S. Bernardo, monge cisterciense e figura de proa da Cristandade ocidental do século XII, ajudou estes cavaleiros a elaborar a sua própria regra. Esta foi inspirada assim nos costumes cistercienses, apoiando a sua aprovação no concílio de Troyes de 1128.

São Bernardo tornou-se um acérrimo defensor desta “nova milícia”, como lhe chamou em um dos seus fervorosos e flamejantes tratados espirituais, De laude novæ militiæ (Em louvor da nova milícia), escrito por volta de 1130.

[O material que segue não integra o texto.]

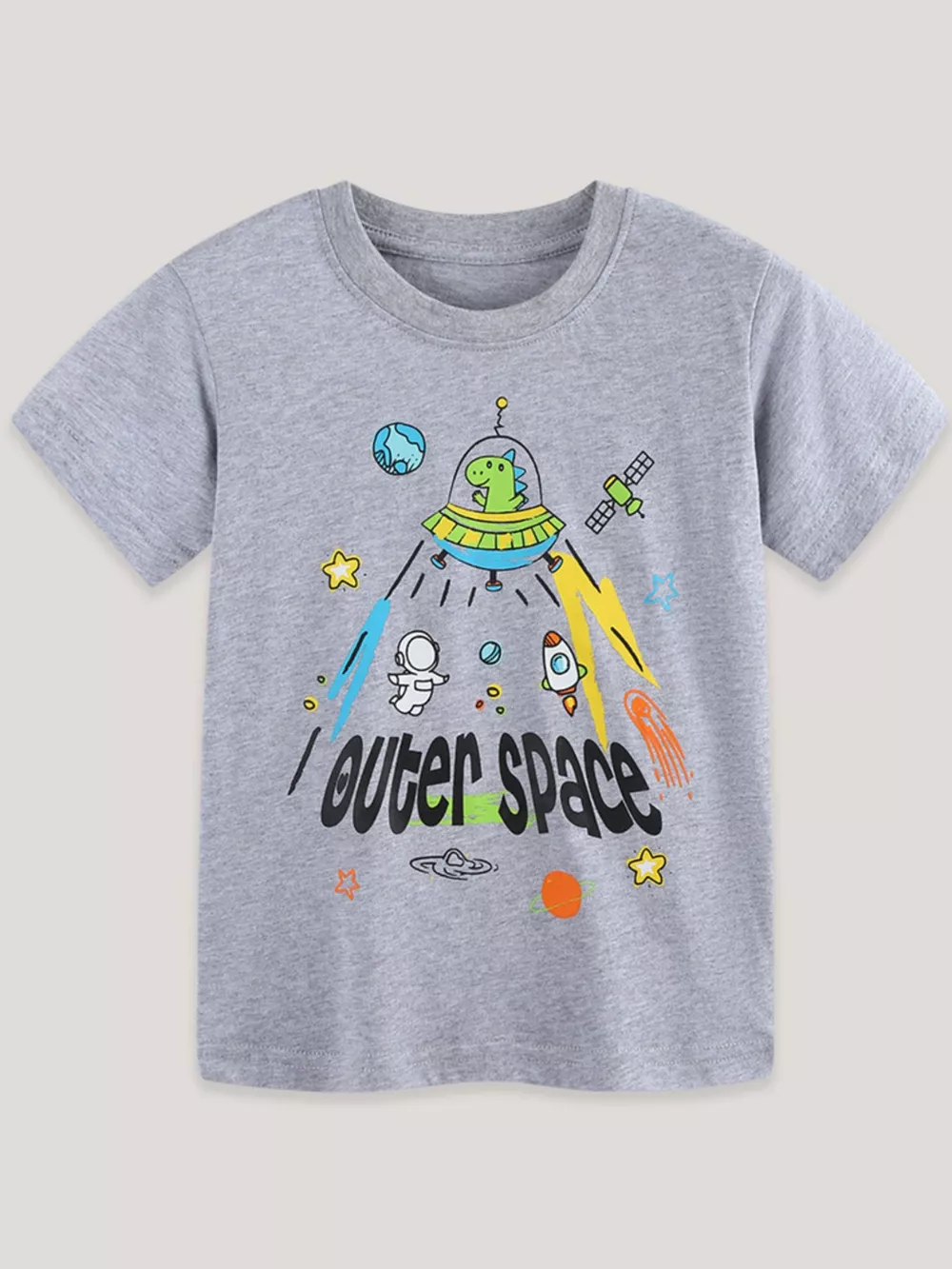 Children's Outer Space Graphic Short Sleeve T-Shirt, image 2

Simultaneamente monges e soldados, estes Cavaleiros do Templo conciliavam na sua forma de vida os ideais da cavalaria medieval e os mais exigentes preceitos de vida monástica. Ou não tivessem eles sido inspirados por S. Bernardo, príncipe dos monges da Idade Média reputado pelo seu fervor e radicalidade de vida religiosa.

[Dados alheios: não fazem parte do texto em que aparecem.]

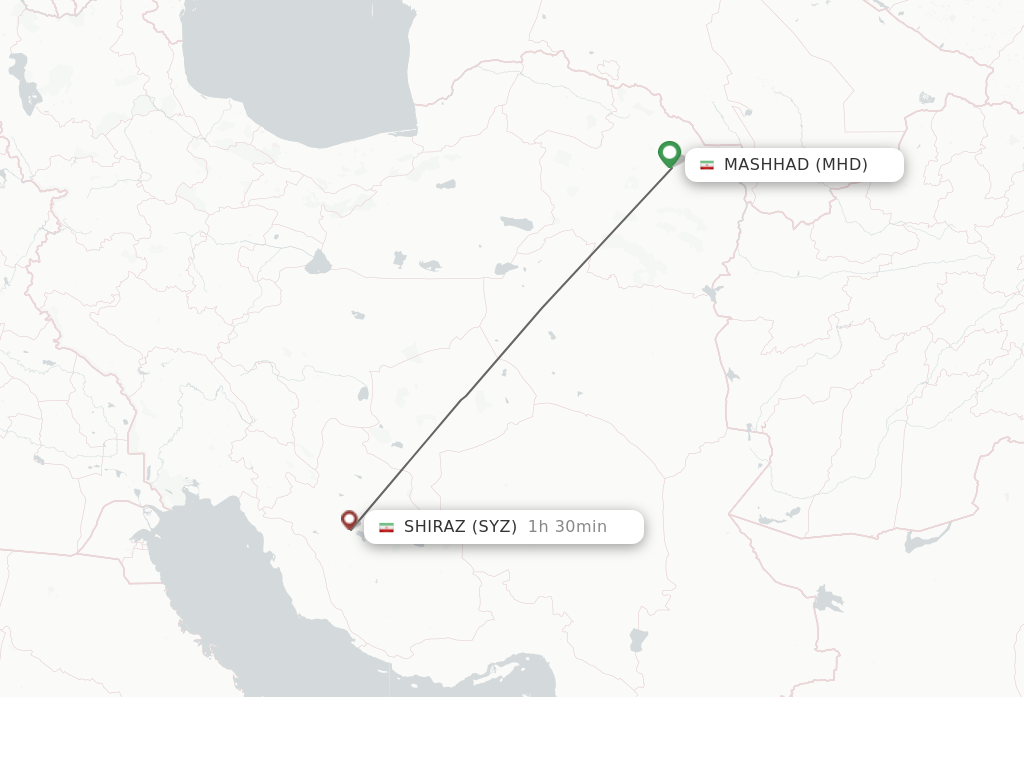 Flights from Mashhad to Shiraz route map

Primeiro objetivo dos Templários

O objectivo destes cavaleiros era a protecção, assistência e socorro dos peregrinos que se dirigiam à Terra Santa. A par de outras ordens religiosas militares, os Templários participavam também na defesa dos Estados Latinos da Terra Santa e respectivos Lugares Sagrados.

No entanto, com o decorrer dos tempos, esta função hospitalária e assistencial, apoiada na acção militar, tendeu cada vez mais para actividades de carácter financeiro, relacionadas com as necessidades dos peregrinos e dos cruzados.

Foi esta ligação a actividades bancárias que fez com que se dissipasse a aura mística e fervorosa do início e com que os poderes e a sociedade começassem a ver os Templários como grandes detentores de capitais e de um colossal património imobiliário, pouco condizente com a sua Regra e escopo original.

A estrutura hierárquica

Muito hierarquizados, os Templários compreendiam nas suas fileiras

– cavaleiros e capelães nobres,

– bem como irmãos laicos e “sargentos”.

Esta divisão radicava também no modelo cisterciense, que separava os monges de origem nobre (sacerdotes) dos de origem plebeia (irmãos conversos).

À cabeça da ordem, figurava o grão-mestre, eleito pelos cavaleiros, grupo a que pertencia, aliás. Era, todavia, obrigado a consultar o capítulo geral da ordem para as decisões mais importantes.

Os Templários não deixaram de ter uma aura de prestígio e reputação de grande coragem, o que fez com formassem um autêntico Estado soberano, tais eram as mercês e privilégios com que foram, principalmente no seu primeiro século de existência, cumulados pelo papado.

Este estado de graça fez com que prosperassem imensamente e atingissem um efectivo de cerca de 15.000 religiosos em fins do século XIII.

Por outro lado, ainda durante esta sua fase de crescimento e popularidade, os Templários, graças à sua actividade assistencial e gestão rigorosa do seu património, puderam organizar o primeiro banco internacional. Usaram os seus lucros para acções de generosidade e auxílio, como o resgate de cativos reduzidos à escravidão entre os muçulmanos, por exemplo.

Outra das suas aplicações foi a construção de fortificações em rotas de peregrinos ou pontos de defesa na Terra Santa. Por exemplo, o célebre Krak dos Cavaleiros, na actual Síria. É um monumento da arquitectura militar por excelência e modelo de protecção e defesa de caminhos e de peregrinos.

A queda de Jerusalém e o fim dos Templários

Em 1291, com a queda de Jerusalém e a retirada das ordens militares da Terra Santa, perde-se a sua razão de existir.

Ignorando as pressões e conselhos de soberanos europeus e dos próprios Papas, o então grão-mestre dos Templários, Jacques de Molay, recusou toda e qualquer fusão da sua ordem com os Hospitalários. Esta era outra ordem religiosa militar de cariz assistencial e com forte implantação no Levante mediterrânico.